A sizable proportion are likely to vote for the deal on the basis that no better terms are available from the EU with the only alternative being a no-deal Brexit for which the UK is unprepared. Indeed that narrative pretty much sums up the government's current strategy for getting the deal through the House of Commons.
Against that background, the Supreme Court's decision today to refuse the government permission to appeal in the Wightman case is potentially very important.
We have previously discussed the background to Wightman on this blog. It is a case brought by a cross-party group of elected representatives including MPs, MEPs and MSPs in order to secure a decision on whether or not the UK can unilaterally revoke its notice of intention to leave the EU under Article 50. In essence, it is about whether the UK could stop Brexit if it wanted to.
The Inner House of Session referred the question to CJEU for a preliminary ruling and CJEU is due to hear the case on 27 November. It is that referral that the government sought to appeal.

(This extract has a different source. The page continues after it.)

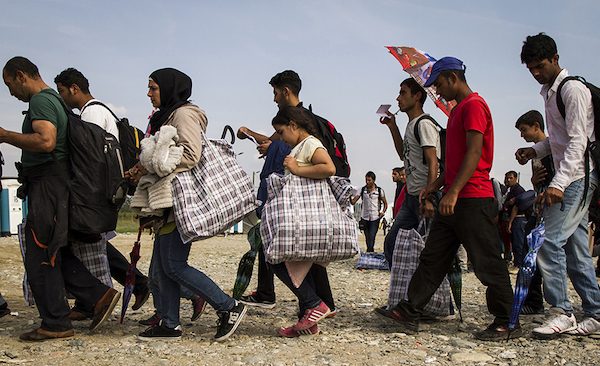legnano profughi accoglienza immigrazione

However, the Supreme Court refused permission to do so on the basis that, under section 40 of the Court of Session Act 1988, it only has jurisdiction to hear appeals against the 'final judgment' in any proceedings. The decision to refer the question to CJEU is not a final judgment as once CJEU has given its view it will then be for the Scottish Court to make its final determination. It is the latter that will then be capable of appeal.
The upshot of the Supreme Court's decision is that we can expect a view from CJEU as to whether or not the UK can reverse out of Brexit. If it says that such a reversal is possible, suddenly those MPs who like neither the current deal nor a hard Brexit are presented with a third option - to reject the deal and instruct the government to revoke the Article 50 notification to halt the Brexit process.
The means by which MPs would do so is linked to the debates around the Parliamentary process under which the vote on the Withdrawal Agreement will take place as it will depend on whether or not they can amend the motion which is put before them for a vote. We have explained that issue in a previous blog. The question of an amendable motion therefore assumes even more significance.
Of course whether MPs do ultimately decide to reject the deal and remain in the EU will depend on a multitude of political factors - not least the feeling that the decision in the 2016 referendum must be respected - and there are a number of results that a rejection could have, including a general election or second referendum. However, today's Supreme Court decision potentially allows those who do not wish to see a no-deal Brexit to vote down the current deal. It also emboldens those who want a second referendum, with remaining in the EU on the ballot.
Given the current Parliamentary arithmetic, the government will need to redouble its efforts to secure support for the deal - and, despite its protestations, we may see it asking for sweeteners from the EU to make it more palatable to MPs on both sides of the Brexit debate.